Negli ultimi tre anni la coalizione guidata dai sauditi e appoggiata militarmente dagli Usa conduce una guerra contro i ribelli sciiti sostenuti dall’Iran. Gli insorti denunciano di essere stati a lungo esclusi da governo e discriminati in vari modi. Per il principe ereditario saudita, Mohammed bin Salman, principale fautore dell’intervento armato di Riyadh, Emirati e altri paesi arabi, invece la ribellione sarebbe frutto solo delle “ingerenze” iraniane e della volontà di Tehran di aprire un fronte di guerra alle porte dell’Arabia saudita. Sulla base di queste considerazioni l’aviazione dei Saud da tre anni martella senza sosta lo Yemen facendo morti e feriti anche tra i civili e aggravando la crisi umanitaria del Paese, il più povero dell’area del Golfo e dove la guerra ha portato anche il colera.

La cessazione, forse solo temporanea, dei combattimenti era nell’aria.
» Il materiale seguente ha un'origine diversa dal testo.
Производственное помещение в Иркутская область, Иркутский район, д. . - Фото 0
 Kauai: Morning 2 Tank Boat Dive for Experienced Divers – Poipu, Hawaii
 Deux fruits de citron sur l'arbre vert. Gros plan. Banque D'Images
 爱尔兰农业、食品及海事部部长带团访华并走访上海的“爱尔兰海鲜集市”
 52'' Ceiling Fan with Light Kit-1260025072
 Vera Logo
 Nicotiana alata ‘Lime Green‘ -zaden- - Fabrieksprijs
Ad anticiparla indirettamente è il segretario generale del movimento sciita libanese Hezbollah, Hassan Nasrallah, alleato dei ribelli Houthi, che si era detto convinto qualche giorno fa che coalizione guidata dai sauditi ha compreso che la guerra è in stallo e non può essere vinta sul campo di battaglia. Oltre le considerazioni di Nasrallah, pesano anche i conflitti tra le varie componenti armate che combattono sotto la bandiera della Coalizione araba. Senza dimenticare i costi della guerra che gravano sulle finanze saudite e le pressioni internazionali su Riyadh, uno degli obiettivi che volevano raggiungere i ribelli e lo sponsor iraniano. Questi e altri fattori sono alla base del cessate il fuoco, ancora da stabilizzare. A inizio settimana l’analista Hamidi al Abdullah sottolineava sul quotidiano libanese al Binaa che uno sbocco possibile per lo Yemen potrebbe quello “ucraino”, ossia uno stato di non-guerra e di non-pace soddisfacente per due parti desiderose in questo momento di leccarsi le ferite più che di combattere.

Favorevole a una soluzione negoziata in Yemen si è pronunciato ieri Re Salman dell’Arabia saudita in occasione dell’apertura dei lavori del Consiglio Consultivo della Shura. Il punto più importante del suo discorso però è un altro. Il monarca saudita non ha fatto alcun riferimento a Jamal Khashoggi, il giornalista assassinato e fatto a pezzi da agenti sauditi che lo attendevano nel consolato di Riyadh a Istanbul. Ha invece elogiato l’impegno del figlio Mohammad che di quella brutale uccisione è ritenuto il mandante, come stabilisce anche un rapporto della Cia. Ma Donald Trump preferisce ignorarlo. Il presidente Usa si è anche rifiutato di ascoltare la registrazione dell’uccisione di Khashoggi.